Warum das so ist, höre ich dann wenigstens noch 5 Minuten lang. Schöner, zeitgemäßer Indierock, den die luxemburgische Band auf die Bühne zaubert. Es ist einer von vielen Vorbandslots, die Jana Bahrich in Köln und Umgebung in den letzten Jahren absolviert hat. In drei Wochen ist sie wieder in der Stadt, dann supporten sie die Folkband Caamp (von der ich bisher noch nie etwas gehört habe) im Carlswerk Victoria. Seit 2020 haben Francis of Delirium mehrere EPs veröffentlicht. Ein erstes Album erschien im letzten Jahr und vor ein paar Tagen die neue Single „Little black dress“. Ich kann nur jedem empfehlen, sich die Single anzuhören. An diesem Abend höre ich nur „Quit fucking around“, ihren letzten Song. Ein amtlicher Indierock Smashhit, den sie zum Schluss standesgemäß mit lauten und viel Gitarrenlärm auslaufen lassen. Auch hier kann ich nur empfehlen, sich den Song mal anzuhören.

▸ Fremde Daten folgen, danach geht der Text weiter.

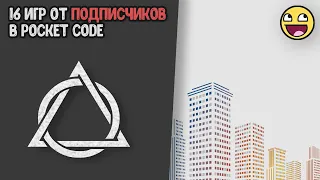 16 игр от подписчиков в Pocket Code!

Die Umbaupause ist angenehm kurz. Bereits um kurz nach halb neun betreten Blondshell die Bühne. Es ist das letzte Konzert ihrer aktuellen Tour. Müssen sie noch den Flieger erwischen, oder warum geht es hier gefühlt Schlag auf Schlag? In den ersten 10 Minuten haben sie bereits drei ihrer 15-16 Songs durch und sie wirken dabei irgendwie gehetzt.

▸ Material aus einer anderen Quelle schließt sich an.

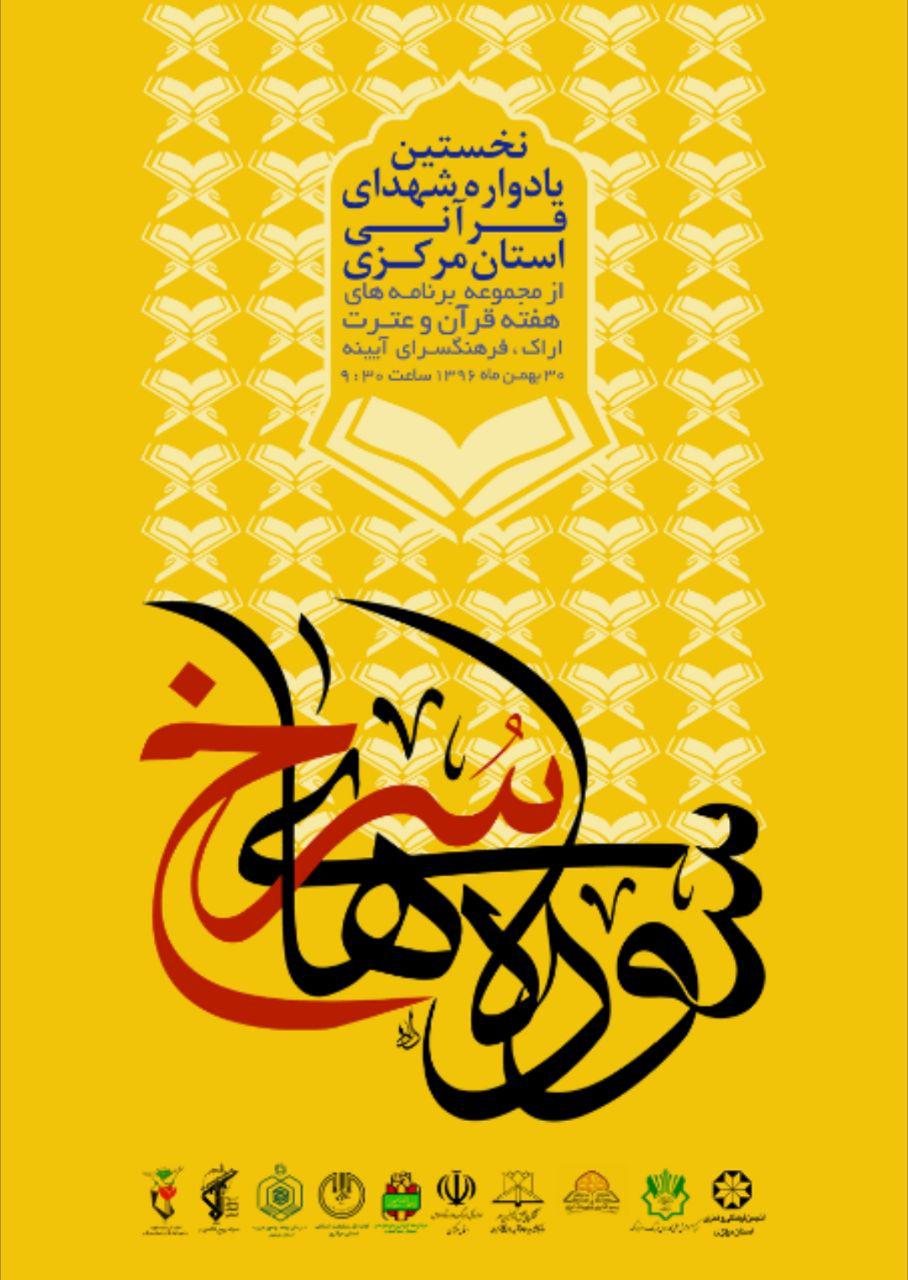 سوره های سرخ | نخستین یادواره شهدای قرآنی استان مرکزی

Blondshell liefern den perfekten Soundtrack für die The summer I turned pretty Generation. Indiepoprock irgendwo zwischen Boygenius und Lucy Dacus, Soccermommy und Snail Mail. Da passt auch das Addison Rae Cover „Diet Pepsi“ gut rein, das sie gegen Ende des Konzerts spielen. „Veronica Mars“ – ihr ersten Hit vom Debütalbum – liegt da schon längst hinter mir. Und nur noch wenig vor mir. Nach guten 45 Minuten verlassen sie die Bühne, um für zwei weitere Songs zurückzukommen. Zum Abschluss spielen sie „Salad“, den zweiten Hit vom Debütalbum. Dazwischen liegen in nahezu 50-50 Mischung Songs von beiden Blondshell Alben sowie ein neuer Song. Ob aber „Berlin TV Tower“ etwas mit Berlin zu tun hat, kann ich nicht sagen.
Es ist ein schönes, noch angenehm poppiges Indierock Konzert. Die neuen Songs wirken dabei etwas ruhiger und melodiöser als die mehr an Hole erinnernden Songs des ersten Albums. So zumindest mein Liveeindruck, der sich mit den Rezensionen zur neuen Platte deckt, die ich auf der Rückfahrt lese. „Change“ ist ein gutes Beispiel dafür, genauso wie „Berlin TV Tower“. Mir gefallen die neuen Sachen genauso gut wie die Songs des Debütalbums. Ich finde, es ist eine gute Weiterentwicklung, die Blondshell hier machen. Und bald, da bin ich mir sicher, werden wir auch den ein oder anderen Song in einer Coming-of-age Teenieserie wiederhören.

Nach einer Stunde ist das Konzert vorbei. Himmel, es ist erst viertel vor zehn.